[Records supplied]
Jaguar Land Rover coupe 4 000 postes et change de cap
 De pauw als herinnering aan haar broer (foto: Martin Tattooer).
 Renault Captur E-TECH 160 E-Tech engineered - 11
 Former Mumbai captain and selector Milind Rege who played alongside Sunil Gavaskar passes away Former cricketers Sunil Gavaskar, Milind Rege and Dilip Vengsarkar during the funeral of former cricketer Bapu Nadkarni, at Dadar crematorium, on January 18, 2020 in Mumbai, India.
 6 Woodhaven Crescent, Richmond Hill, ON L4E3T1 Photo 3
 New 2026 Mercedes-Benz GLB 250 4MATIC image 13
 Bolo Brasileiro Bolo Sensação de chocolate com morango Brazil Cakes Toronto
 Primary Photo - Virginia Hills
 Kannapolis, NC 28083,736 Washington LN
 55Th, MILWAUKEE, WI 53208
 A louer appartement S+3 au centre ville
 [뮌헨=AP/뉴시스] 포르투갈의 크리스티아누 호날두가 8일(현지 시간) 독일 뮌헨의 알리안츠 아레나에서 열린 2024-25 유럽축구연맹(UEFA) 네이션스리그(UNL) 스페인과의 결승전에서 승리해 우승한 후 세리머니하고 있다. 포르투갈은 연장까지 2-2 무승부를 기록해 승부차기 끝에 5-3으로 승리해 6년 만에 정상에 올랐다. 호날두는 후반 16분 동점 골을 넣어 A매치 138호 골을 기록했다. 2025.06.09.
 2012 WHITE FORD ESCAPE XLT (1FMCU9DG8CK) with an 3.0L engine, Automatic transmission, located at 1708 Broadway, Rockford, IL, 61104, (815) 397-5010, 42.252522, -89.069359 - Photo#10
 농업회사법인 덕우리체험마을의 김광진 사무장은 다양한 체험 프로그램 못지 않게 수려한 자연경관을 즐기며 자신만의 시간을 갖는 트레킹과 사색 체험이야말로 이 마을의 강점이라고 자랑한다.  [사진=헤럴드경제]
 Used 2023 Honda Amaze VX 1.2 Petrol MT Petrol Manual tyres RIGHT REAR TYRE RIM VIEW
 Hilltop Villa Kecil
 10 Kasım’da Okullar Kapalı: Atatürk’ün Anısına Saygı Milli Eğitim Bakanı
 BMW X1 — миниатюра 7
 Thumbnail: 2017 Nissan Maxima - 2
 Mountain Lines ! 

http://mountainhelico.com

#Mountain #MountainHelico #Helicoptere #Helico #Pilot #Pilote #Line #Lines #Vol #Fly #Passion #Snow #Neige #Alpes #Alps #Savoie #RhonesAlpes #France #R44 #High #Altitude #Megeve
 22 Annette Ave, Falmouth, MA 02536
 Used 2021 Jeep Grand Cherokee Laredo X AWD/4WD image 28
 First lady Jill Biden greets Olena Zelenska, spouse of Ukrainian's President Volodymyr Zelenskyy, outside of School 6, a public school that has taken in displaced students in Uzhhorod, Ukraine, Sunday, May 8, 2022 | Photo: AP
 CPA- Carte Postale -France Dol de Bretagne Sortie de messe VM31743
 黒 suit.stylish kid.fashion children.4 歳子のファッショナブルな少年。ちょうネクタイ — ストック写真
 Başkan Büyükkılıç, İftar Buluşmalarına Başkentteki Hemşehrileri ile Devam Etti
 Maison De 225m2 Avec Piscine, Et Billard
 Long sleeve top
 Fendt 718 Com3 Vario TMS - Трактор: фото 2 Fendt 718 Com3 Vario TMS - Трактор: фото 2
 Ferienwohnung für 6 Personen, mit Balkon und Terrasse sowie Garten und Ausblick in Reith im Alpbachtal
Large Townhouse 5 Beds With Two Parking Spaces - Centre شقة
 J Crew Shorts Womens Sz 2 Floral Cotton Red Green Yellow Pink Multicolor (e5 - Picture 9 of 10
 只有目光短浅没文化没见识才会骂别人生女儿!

[Requirement] Return the lines above precisely as they appear, beginning at the first line and ending at the line with "http://mountainhelico.com", and nothing after it.

[Answer section]
Jaguar Land Rover coupe 4 000 postes et change de cap
 De pauw als herinnering aan haar broer (foto: Martin Tattooer).
 Renault Captur E-TECH 160 E-Tech engineered - 11
 Former Mumbai captain and selector Milind Rege who played alongside Sunil Gavaskar passes away Former cricketers Sunil Gavaskar, Milind Rege and Dilip Vengsarkar during the funeral of former cricketer Bapu Nadkarni, at Dadar crematorium, on January 18, 2020 in Mumbai, India.
 6 Woodhaven Crescent, Richmond Hill, ON L4E3T1 Photo 3
 New 2026 Mercedes-Benz GLB 250 4MATIC image 13
 Bolo Brasileiro Bolo Sensação de chocolate com morango Brazil Cakes Toronto
 Primary Photo - Virginia Hills
 Kannapolis, NC 28083,736 Washington LN
 55Th, MILWAUKEE, WI 53208
 A louer appartement S+3 au centre ville
 [뮌헨=AP/뉴시스] 포르투갈의 크리스티아누 호날두가 8일(현지 시간) 독일 뮌헨의 알리안츠 아레나에서 열린 2024-25 유럽축구연맹(UEFA) 네이션스리그(UNL) 스페인과의 결승전에서 승리해 우승한 후 세리머니하고 있다. 포르투갈은 연장까지 2-2 무승부를 기록해 승부차기 끝에 5-3으로 승리해 6년 만에 정상에 올랐다. 호날두는 후반 16분 동점 골을 넣어 A매치 138호 골을 기록했다. 2025.06.09.
 2012 WHITE FORD ESCAPE XLT (1FMCU9DG8CK) with an 3.0L engine, Automatic transmission, located at 1708 Broadway, Rockford, IL, 61104, (815) 397-5010, 42.252522, -89.069359 - Photo#10
 농업회사법인 덕우리체험마을의 김광진 사무장은 다양한 체험 프로그램 못지 않게 수려한 자연경관을 즐기며 자신만의 시간을 갖는 트레킹과 사색 체험이야말로 이 마을의 강점이라고 자랑한다.  [사진=헤럴드경제]
 Used 2023 Honda Amaze VX 1.2 Petrol MT Petrol Manual tyres RIGHT REAR TYRE RIM VIEW
 Hilltop Villa Kecil
 10 Kasım’da Okullar Kapalı: Atatürk’ün Anısına Saygı Milli Eğitim Bakanı
 BMW X1 — миниатюра 7
 Thumbnail: 2017 Nissan Maxima - 2
 Mountain Lines ! 

http://mountainhelico.com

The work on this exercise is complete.